I don’t think the analysis is that difficult. Imagine that the interstates were only used for military transportation (both for emergencies, which presumably haven’t happened much, and for regular logistics). Surely the ongoing maintenance costs would be vastly reduced.

Those costs would be the costs that “we the people” accept as valid usage of taxpayer money. You could throw in costs for other public interests like emergency logistics (e.g. FEMA moving goods and personnel for hurricane relief), first-class mail, etc., and you’re still probably only accounting for a very small portion of the taxpayer money that is currently going toward regular interstate maintenance.

The rest of the taxpayer costs are just subsidies of private interests, namely commercial freight and personal transportation. Those subsidies aren’t “free.” They come at the expense of other private interests, like freight and passenger railroads. These subsidies undoubtedly drastically change the economy, pushing everything toward just-in-time fulfillment, increasing greenhouse gas emissions, etc.

I would like to see these private subsidies reduced or eliminated, perhaps by charging tolls.


Practically speaking you’d be shifting the burden from the people who can afford it, to people who can’t. I see similar arguments from people who resent paying into social security and other things. It seems to be a combination of ideological convictions, lack of empathy, and unawareness of why these kind of measures were created in the first place. Ignoring all of rhe knock-on effects of a massive road network and it’s upkeep, it’s ability to reduce the cost of freight, and subsequent lack of rioting from people who couldn’t afford milk without those “subsidies” seems ultimately short-sighted.

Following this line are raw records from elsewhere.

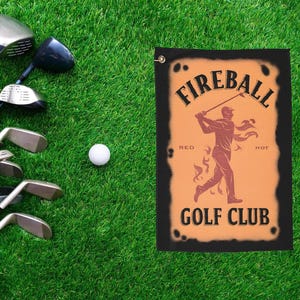Fireball Golf Club Golf Towel, Gift For Him, Golf Accessories, Father&#39;s Day Gift, Custom Golf Towel, Unique Golf Gift, Golf Lover Gift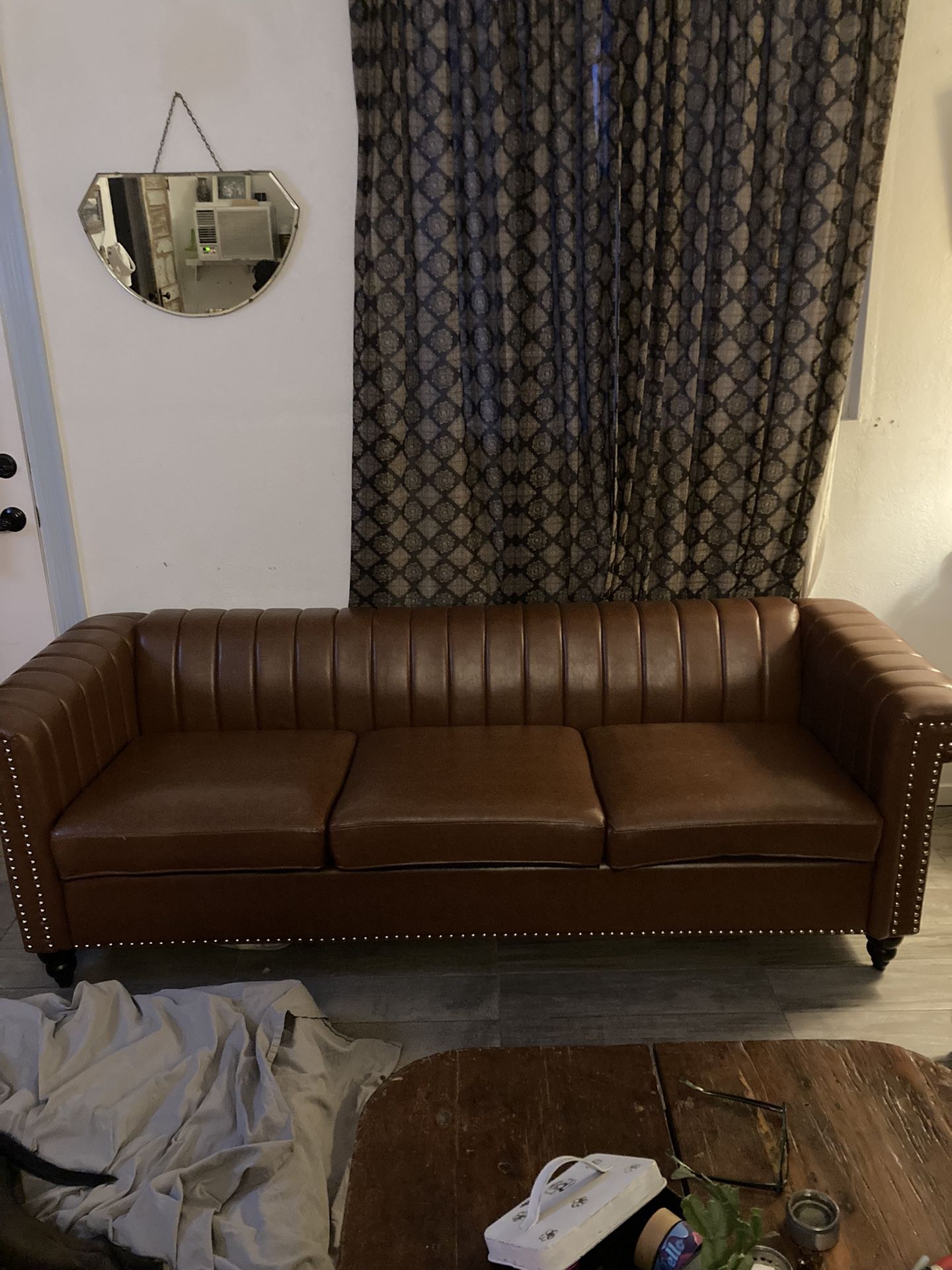 Brown Faux Leather Couch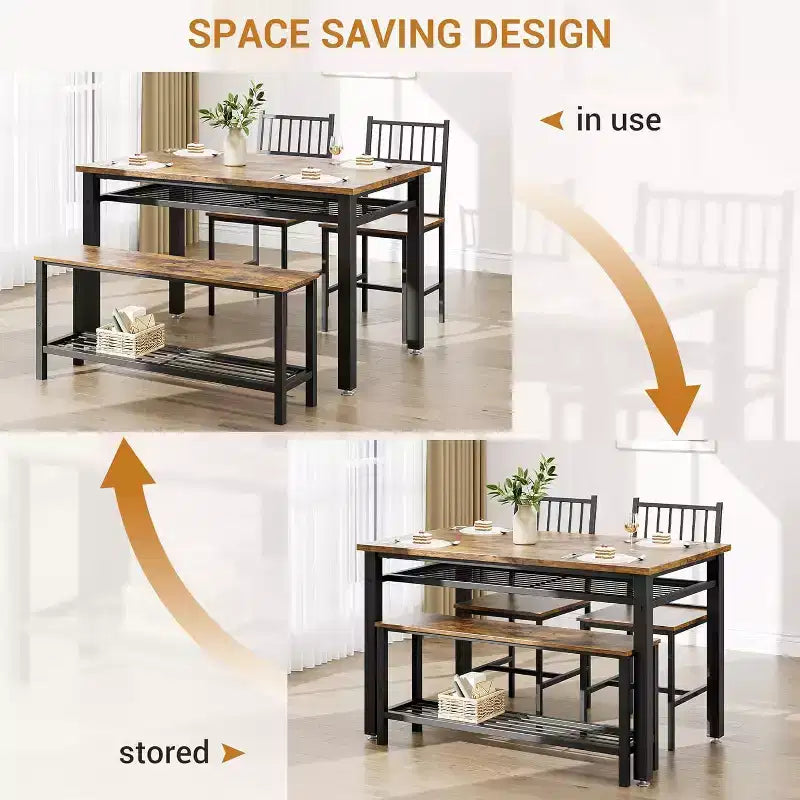 Une table à manger rectangulaire pour quatre, deux chaises et un banc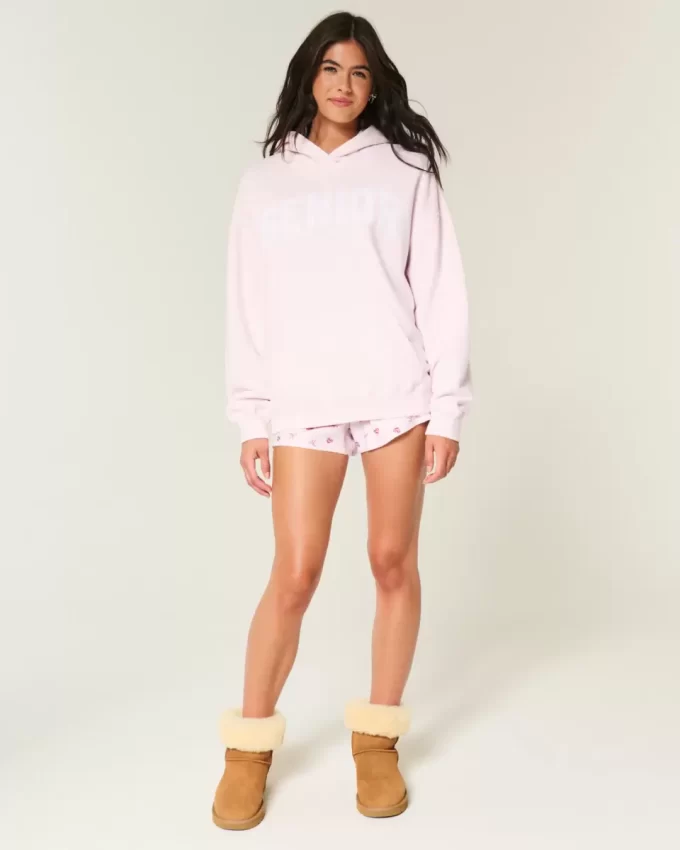 Büyük Boy Kıdemli Grafik Kapüşonlu Sweatshirt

I’m not quite convinced that the effects would be so regressive, especially in the longer term. Couldn’t most national food transportation (including perishables like milk) be done with rail freight? Even if the retail costs stayed the same, surely the environmental costs would be drastically reduced (and surely the longer-term costs of climate change will be extremely regressive).

In other words, I question the premise that federal interstates reduce the cost of freight if you include the environmental externalities.


Ok, that’s a good question to raise, but maybe you should move beyond asking the question and try answering it. You could learn about how different shipping methods are used, how they interact, and just how extensive a rail network a country as massive as the US would require to replace roads. You could also consider that withnthe death of those roads, you’d be utterly snuffing out smaller rural communities, which would be too small or too distant from major population centers to justify a massive rail project.

All in all, if you have such a strong proposition about not paying for roads, it seems like you should already know these things. Now, could roads be replaced? Probably, at enormous cost both financial and environmental. Building massive rail networks is not quick or cheap, you’re talking about megatons or steel and iron being welded after all.